ECONOMIA - LA FERROVIA DEL LIRI
- Tommaso Villa
C’è un filo di ferro, lungo e tortuoso, che unisce Avezzano ad Arce, passando per Sora e la Valle del Liri. Lo attraversiamo da sempre, distrattamente, senza sapere che quel tracciato è la fotografia perfetta di ciò che siamo: una terra laboriosa, ma spesso tagliata fuori dalle scelte che contano.
Quando la ferrovia nacque, alla fine dell’Ottocento, si parlava di progresso, di corridoi interni, di unità nazionale. L’Italia voleva collegare i suoi monti e le sue valli con nuove arterie di ferro, e la Valle del Liri, con le sue cartiere e i suoi lanifici, sperò di poterne finalmente trarre beneficio.
Ma la verità è che il progetto partì altrove, e per altri. La spinta arrivò dall’Abruzzo. Furono i proprietari del Fucino e i deputati dell’Aquila a chiedere una linea che collegasse la Marsica con la ferrovia Roma–Napoli, per portare al Tirreno i prodotti della bonifica voluta da Torlonia.
Serviva un collegamento verso ovest, non per l’industria, ma per l’agricoltura. E così la Valle del Liri, che avrebbe avuto bisogno di una ferrovia per le merci e per i lavoratori, si trovò nel mezzo di un progetto pensato per tutt’altro. Il primo tratto tra Roccasecca e Arce aprì nel 1884, poi la ferrovia salì fino a Sora (1891), toccò Balsorano (1895) e infine Avezzano (1902).
Un percorso straordinario dal punto di vista tecnico, con ponti, curve e gallerie scavate nella roccia viva. Emblematica è la galleria di Avezzano, considerata all’epoca un capolavoro di ingegneria ferroviaria: lunga, elicoidale, realizzata per superare un forte dislivello con una pendenza costante.

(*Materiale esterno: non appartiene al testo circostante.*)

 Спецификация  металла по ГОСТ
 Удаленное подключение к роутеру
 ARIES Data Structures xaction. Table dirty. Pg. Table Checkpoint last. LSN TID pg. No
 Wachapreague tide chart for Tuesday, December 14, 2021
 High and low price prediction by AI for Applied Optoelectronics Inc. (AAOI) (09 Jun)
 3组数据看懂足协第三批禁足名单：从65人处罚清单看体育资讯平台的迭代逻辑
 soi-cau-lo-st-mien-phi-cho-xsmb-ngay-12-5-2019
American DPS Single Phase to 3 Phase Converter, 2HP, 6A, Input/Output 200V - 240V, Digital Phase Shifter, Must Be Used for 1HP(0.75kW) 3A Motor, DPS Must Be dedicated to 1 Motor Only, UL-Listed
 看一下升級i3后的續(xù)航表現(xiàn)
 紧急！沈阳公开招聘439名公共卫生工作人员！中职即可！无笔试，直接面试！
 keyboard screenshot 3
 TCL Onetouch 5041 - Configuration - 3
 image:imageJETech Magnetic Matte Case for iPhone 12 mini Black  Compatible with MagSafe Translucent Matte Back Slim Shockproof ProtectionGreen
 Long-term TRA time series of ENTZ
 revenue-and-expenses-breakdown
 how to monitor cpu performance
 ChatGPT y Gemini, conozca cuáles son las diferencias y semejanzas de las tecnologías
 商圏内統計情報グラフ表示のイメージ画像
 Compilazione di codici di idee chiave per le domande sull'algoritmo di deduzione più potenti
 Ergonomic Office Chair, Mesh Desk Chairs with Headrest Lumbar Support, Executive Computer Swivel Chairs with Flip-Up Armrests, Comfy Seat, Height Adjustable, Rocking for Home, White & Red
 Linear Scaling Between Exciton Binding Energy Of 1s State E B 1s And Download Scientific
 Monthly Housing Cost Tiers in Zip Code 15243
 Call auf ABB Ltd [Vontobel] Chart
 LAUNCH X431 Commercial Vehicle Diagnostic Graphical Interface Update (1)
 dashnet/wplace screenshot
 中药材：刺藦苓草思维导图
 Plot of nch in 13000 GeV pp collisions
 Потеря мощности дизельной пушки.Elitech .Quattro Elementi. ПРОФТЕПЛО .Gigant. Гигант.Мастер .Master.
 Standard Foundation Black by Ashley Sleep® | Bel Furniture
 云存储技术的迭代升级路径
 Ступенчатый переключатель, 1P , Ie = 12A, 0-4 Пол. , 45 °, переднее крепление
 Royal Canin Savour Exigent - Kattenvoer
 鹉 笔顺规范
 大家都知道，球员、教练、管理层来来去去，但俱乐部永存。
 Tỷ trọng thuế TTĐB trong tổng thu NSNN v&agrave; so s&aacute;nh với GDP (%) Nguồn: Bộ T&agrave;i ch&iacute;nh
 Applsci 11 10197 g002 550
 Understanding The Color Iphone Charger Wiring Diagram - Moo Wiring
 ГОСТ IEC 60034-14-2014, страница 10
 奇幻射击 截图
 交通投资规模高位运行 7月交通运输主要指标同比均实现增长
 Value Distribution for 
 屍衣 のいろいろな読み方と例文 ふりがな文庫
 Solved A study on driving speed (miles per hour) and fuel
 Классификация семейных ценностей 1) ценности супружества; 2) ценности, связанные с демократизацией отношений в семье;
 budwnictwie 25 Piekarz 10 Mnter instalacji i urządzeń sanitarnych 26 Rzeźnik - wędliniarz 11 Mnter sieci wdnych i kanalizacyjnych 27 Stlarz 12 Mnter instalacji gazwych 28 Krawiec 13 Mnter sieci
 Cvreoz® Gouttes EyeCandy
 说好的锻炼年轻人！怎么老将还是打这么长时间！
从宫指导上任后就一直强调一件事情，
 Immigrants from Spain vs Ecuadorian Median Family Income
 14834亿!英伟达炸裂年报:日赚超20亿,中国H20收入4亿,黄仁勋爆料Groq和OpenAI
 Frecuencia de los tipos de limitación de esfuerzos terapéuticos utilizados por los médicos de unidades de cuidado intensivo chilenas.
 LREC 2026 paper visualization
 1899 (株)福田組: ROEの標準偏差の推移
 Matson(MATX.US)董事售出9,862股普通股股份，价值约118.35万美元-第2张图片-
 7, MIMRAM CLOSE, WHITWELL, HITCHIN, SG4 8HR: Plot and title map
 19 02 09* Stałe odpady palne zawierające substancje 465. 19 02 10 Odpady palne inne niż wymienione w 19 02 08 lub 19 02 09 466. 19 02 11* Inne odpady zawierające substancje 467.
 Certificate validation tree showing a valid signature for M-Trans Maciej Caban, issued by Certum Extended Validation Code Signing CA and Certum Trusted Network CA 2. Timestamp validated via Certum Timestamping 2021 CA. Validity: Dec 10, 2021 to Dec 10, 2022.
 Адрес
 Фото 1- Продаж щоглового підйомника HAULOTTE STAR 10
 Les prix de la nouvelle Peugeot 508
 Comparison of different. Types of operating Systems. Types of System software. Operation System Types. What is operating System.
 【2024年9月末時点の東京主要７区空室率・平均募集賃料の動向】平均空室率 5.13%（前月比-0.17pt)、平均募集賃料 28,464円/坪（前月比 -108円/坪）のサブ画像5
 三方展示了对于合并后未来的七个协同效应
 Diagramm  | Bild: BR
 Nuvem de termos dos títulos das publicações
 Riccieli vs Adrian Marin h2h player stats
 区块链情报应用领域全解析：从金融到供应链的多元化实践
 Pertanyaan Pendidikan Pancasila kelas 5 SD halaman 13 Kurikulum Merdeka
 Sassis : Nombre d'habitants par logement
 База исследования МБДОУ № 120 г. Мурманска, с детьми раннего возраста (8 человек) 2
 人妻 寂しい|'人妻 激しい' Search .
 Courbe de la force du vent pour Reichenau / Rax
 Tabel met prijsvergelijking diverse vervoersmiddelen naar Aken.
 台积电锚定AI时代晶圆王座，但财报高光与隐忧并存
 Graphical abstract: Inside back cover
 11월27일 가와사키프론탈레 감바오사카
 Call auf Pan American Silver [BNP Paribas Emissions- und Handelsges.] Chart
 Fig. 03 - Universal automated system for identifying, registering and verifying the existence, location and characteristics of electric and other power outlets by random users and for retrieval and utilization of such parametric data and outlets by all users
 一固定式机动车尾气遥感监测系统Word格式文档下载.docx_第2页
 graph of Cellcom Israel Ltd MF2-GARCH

Un’opera maestosa, perfetta dal punto di vista tecnico, ma poco utile per il trasporto pesante che sarebbe servito alla Valle del Liri. Era la dimostrazione perfetta di una linea costruita con altri obiettivi e altre priorità.
Le industrie di Isola del Liri e di Sora continuarono infatti a muovere le merci con carri trainati da buoi, fino a Ceprano o Roccasecca, per immettersi sulla Roma–Napoli. I sindaci e i deputati locali, come Eugenio Tersenghi nel 1883, chiesero una diramazione diretta Isola del Liri–Ceprano, ma il progetto fu ignorato.
La Valle del Liri restò così servita da una ferrovia “di passaggio”, utile a chi veniva da fuori e penalizzante per chi produceva dentro. Oggi la linea sopravvive, tra chiusure e riaperture, più per memoria che per funzione.
I binari attraversano paesi che hanno dato tanto all’economia del Lazio meridionale, ma che non hanno mai ricevuto una politica capace di valorizzarli davvero.
Eppure, lungo quelle rotaie, la storia continua a parlarci: parla di una ferrovia nata per gli altri e rimasta ai margini, di amministratori che non hanno saputo piegarla alle esigenze del territorio, e di una valle che ancora aspetta il suo riscatto.